== EXERCISE GOAL ==
Transcribe the whole listing below without changing a word, but leave out every image.

== SOURCE MATERIAL ==
_ _ _ _ _ _ _

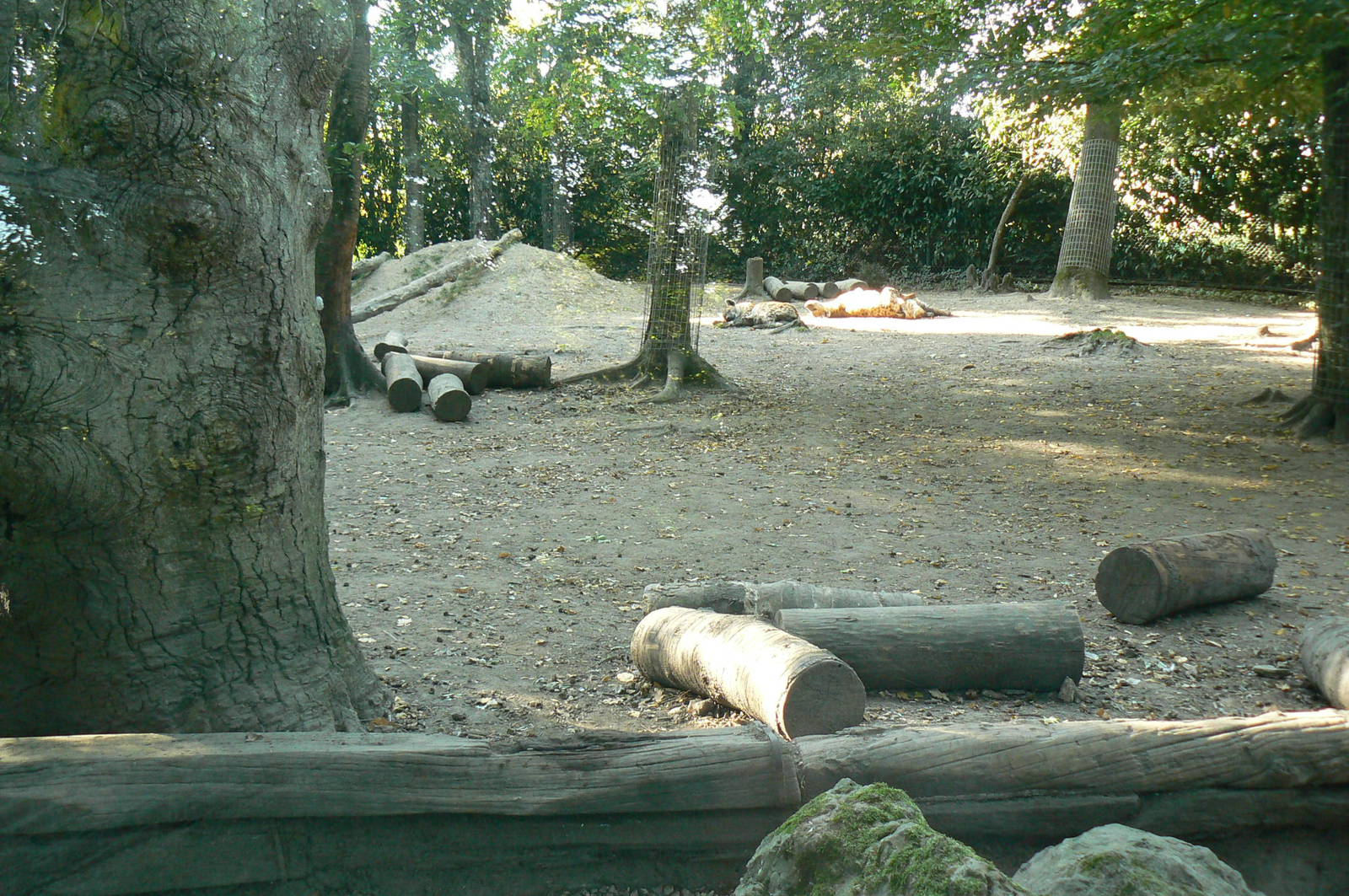 Spotted hyenas exhibit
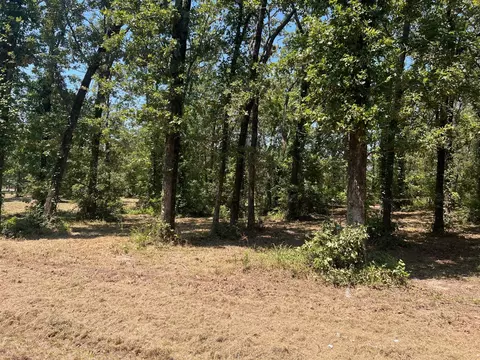 00000 Joyce St, Eustace, TX 75124 photo 8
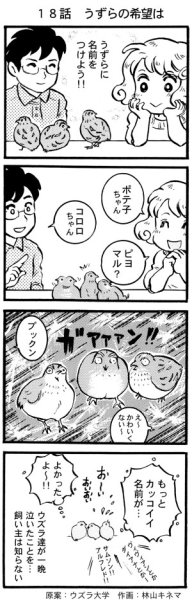 画像1: ウズラ大学　オリジナル４コマ漫画第１８話 (1)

_ _ _ _ _ _ _

== REPLY TO THE TASK ==
 Spotted hyenas exhibit
 00000 Joyce St, Eustace, TX 75124 photo 8
 画像1: ウズラ大学　オリジナル４コマ漫画第１８話 (1)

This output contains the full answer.